Fourth, there is the impact of changes in market structure,
which allow for greater international speculation
in commodities. It is often assumed that rising food
prices automatically benefit farmers, but this is
far from the case, especially as the global food trade
has become more concentrated and vertically integrated.
A small number of agribusiness companies worldwide
increasingly control all aspects of cultivation and
distribution, from supplying inputs to farmers to
buying crops and even in some cases to retail food
distribution. This means that marketing margins are
large and increasing, so that direct producers do
not get the benefits of increases expect with a time
lag and even then not to the full extent. This concentration
also enables greater speculation in food, with more
centralised storage.
Finally, primary commodity markets are also attracting
financial speculators. As the global financial system
remains fragile with the continuing implosion of the
US housing finance market, commodity speculation is
increasingly emerging as an important alternative
investment market. Such speculation by large banks
and financial companies is in both agricultural and
non-agricultural commodities, and explains at least
partly why the very recent period has seen such sharp
hikes in price.
Commodity speculation has also affected the minerals
and metals sector. For these commodities, it is evident
that recent price increases have been largely the
result of increased demand, especially from China
and other rapidly growing developing countries, but
also from the US and European Union. A positive fallout
of the recent growth in demand and diversification
of sources of demand is that it has allowed primary
metals producing countries, especially in Africa,
to benefit from competition to extract better prices
and conditions for their mined products. But there
is also the unfortunate reality that higher mineral
prices have rarely if ever translated into better
incomes and living conditions of the local people,
even if they may benefit the aggregate economy of
the country concerned.
At any rate, metal prices are high and likely to remain
high because of the growing imbalance between world
supply and demand. A reduction in global output growth
rates would definitely have some dampening effect
on prices from their current highs, but the basic
imbalance is likely to continue for some time. This
is also because there has been a neglect of investment
in this sector as well, so that building up new capacity
will take time given the long gestation period involved
in investments for metal production.
So the medium term outlook for global commodity prices,
while uncertain, is that they are likely to remain
high even if the world economy slows down in terms
of output growth. What does this mean for India? Until
the 1990s, both producers and consumers in India were
relatively sheltered from the impact of such global
tendencies because of a complex system of trade restrictions,
public procurement and distribution and policy emphasis
on at least food self-sufficiency.
The liberalising policies that began in the early
1990s have rendered all of that history, since one
explicit aim of the reform strategy was to bring Indian
prices closer in line to world prices. Countries like
India seeking to manage this effect of global speculation
on the prices of a universal intermediate like oil
have to decide how important it is to insulate the
domestic economy and the domestic consumer from its
effect. Given the huge revenues being derived from
duties on oil products, one way this can be done is
to forego duty while holding oil prices. This would
require compensating for revenue losses with taxes
in other areas which a growing economy can contemplate.

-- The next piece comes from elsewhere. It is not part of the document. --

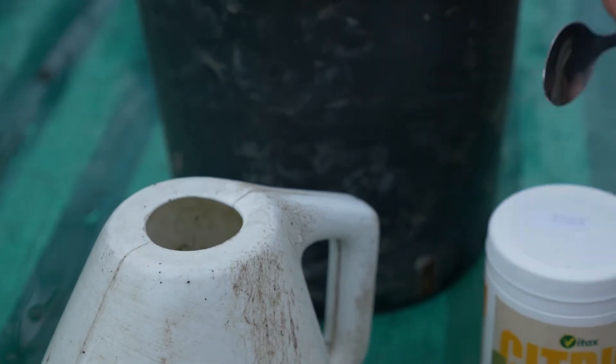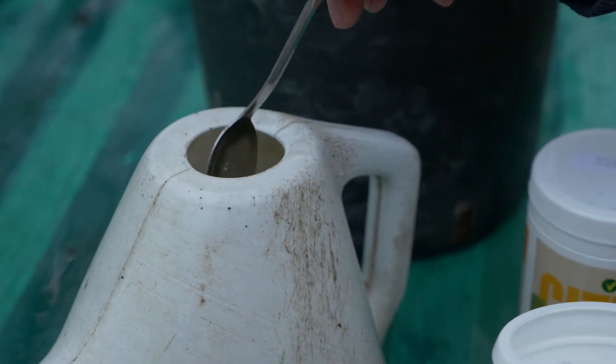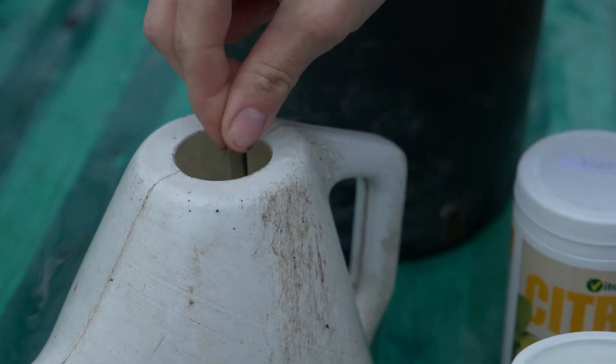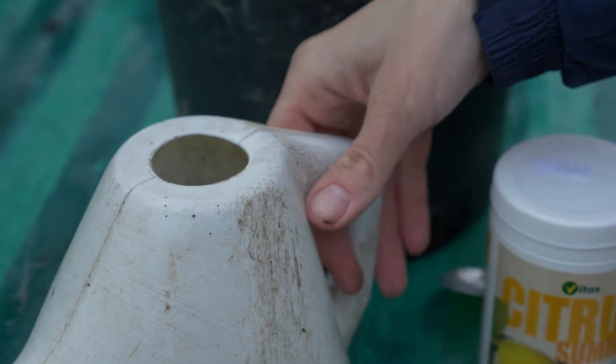In mid-March we are still using the winter feed, but a good rule is to change to summer feed when the clocks go forward, and back to winter feed when the clocks go back. Just add a teaspoon to 4 litres of water and apply weekly.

But the government appears unwilling to take this
route, increasing pressure to hike oil prices further
and aggravate an inflationary tendency that is already
proving to be economically and politically damaging.
This reticence till recently to proactively insulate
the domestic economy has meant, that both producers
and consumers are now more or less directly affected
adversely by global trends. The government’s response
to the domestic price rise, which is already creating
panic in official corridors in an election year, has
been to reduce or eliminate import duties on several
food items such as edible oils, so as to allow imports
to bring the price down. But that is a short-sighted
and probably ineffective strategy. It provides direct
competition to Indian farmers producing oilseeds,
even as they suffer rapidly rising costs. It sends
confused signals not only to farmers for the next
sowing season, but also to consumers, and leaves the
field open for domestic speculators as well because
the imports are not under public supervision but left
to private traders.
Most of all, given the tendency of international commodity
prices noted here, it will not solve the basic problem
of rising inflation in such commodities. Instead,
it will make the Indian economy even more prone to
the volatility and inflationary pressure of world
markets. In fact, the increases in prices in India
have not been as sharp for some commodities largely
because of the vestiges of the intervention era. Thus,
prices of some commodities, like rice for example,
have gone up less than world prices only because exports
have been prohibited. This does suggest that the Indian
economy cannot hope to remain insulated from these
global trends without much more proactive policies
that rely substantially on government intervention
in several areas. In the case of food, this essentially
requires a more determined effort to increase the
viability of food cultivation, to improve the productivity
of agriculture through public measures, and to expand
and strengthen the public system of procurement and
distribution. For other commodities too, it is now
evident that a lassez faire system is simply not good
enough, and public intervention and regulation of
markets is essential.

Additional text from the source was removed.